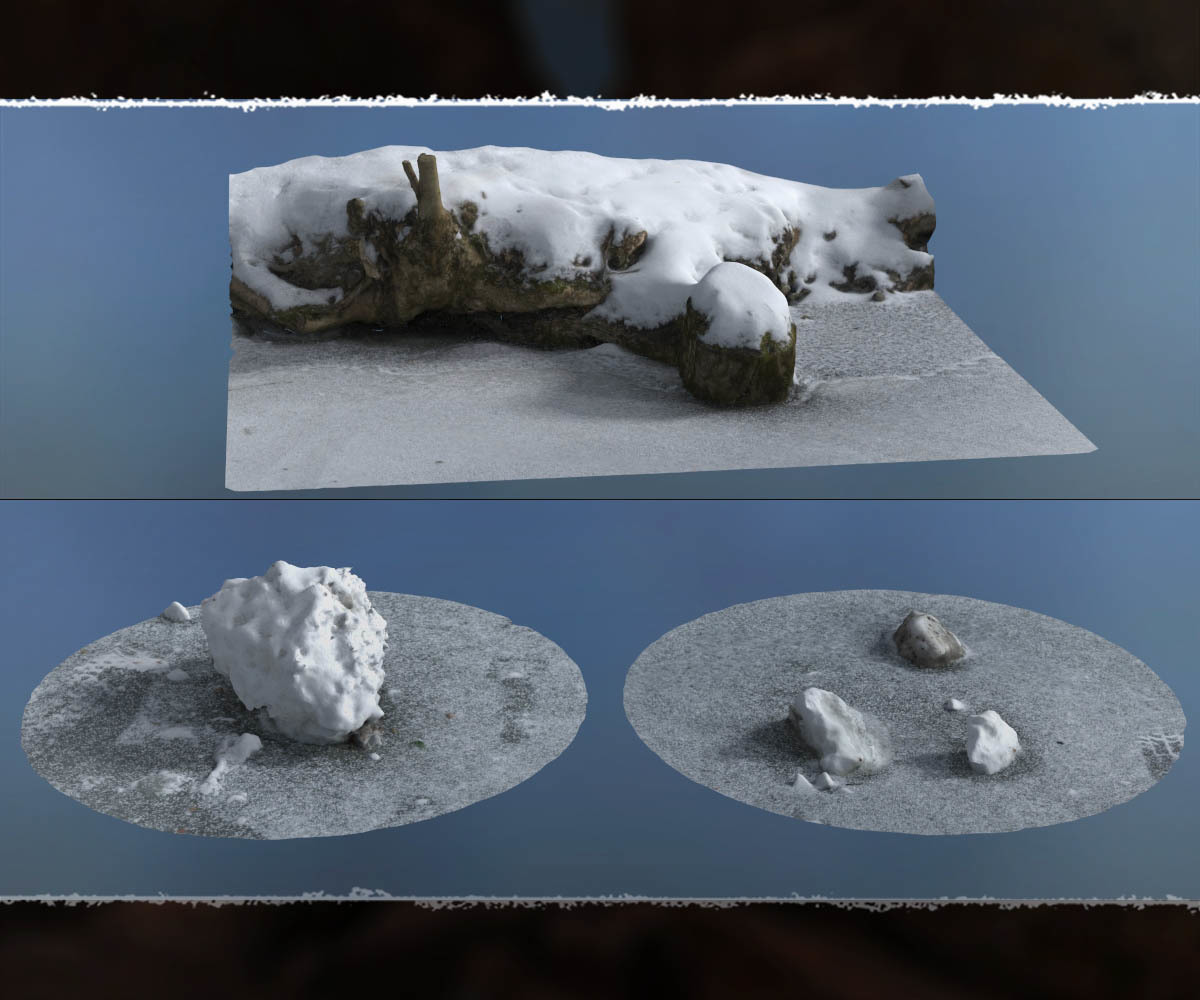 3D Scenery: Frozen Natural Riverbank by N/A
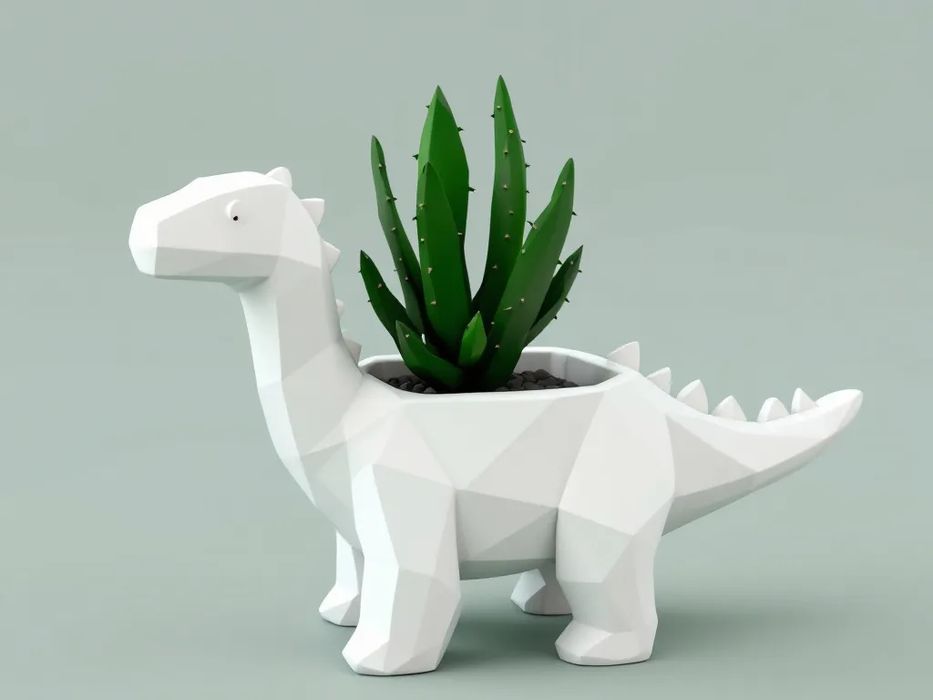 Vaso Decorativo Estilo Dinossauro para Plantas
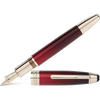 Montblanc 146 Solitaire Meisterstuck Fountain Pen - Burgundy Lacquer - Calligraphy Year 2 - Flex Nib-Pen Boutique Ltd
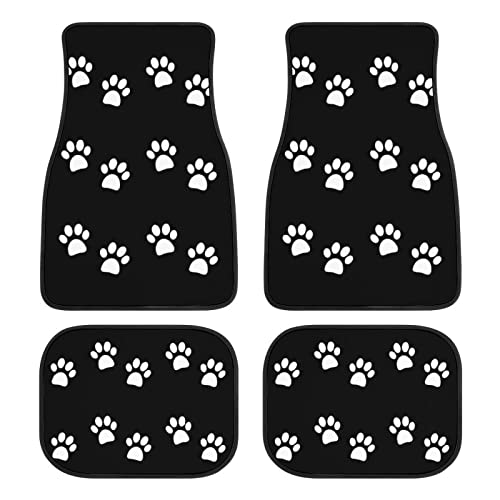 5 White Paw Prints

Task requirements
The result should be the full material above, word for word, with its pictures omitted.

Answer
 3D Scenery: Frozen Natural Riverbank by N/A
 Vaso Decorativo Estilo Dinossauro para Plantas
 Montblanc 146 Solitaire Meisterstuck Fountain Pen - Burgundy Lacquer - Calligraphy Year 2 - Flex Nib-Pen Boutique Ltd
 5 White Paw Prints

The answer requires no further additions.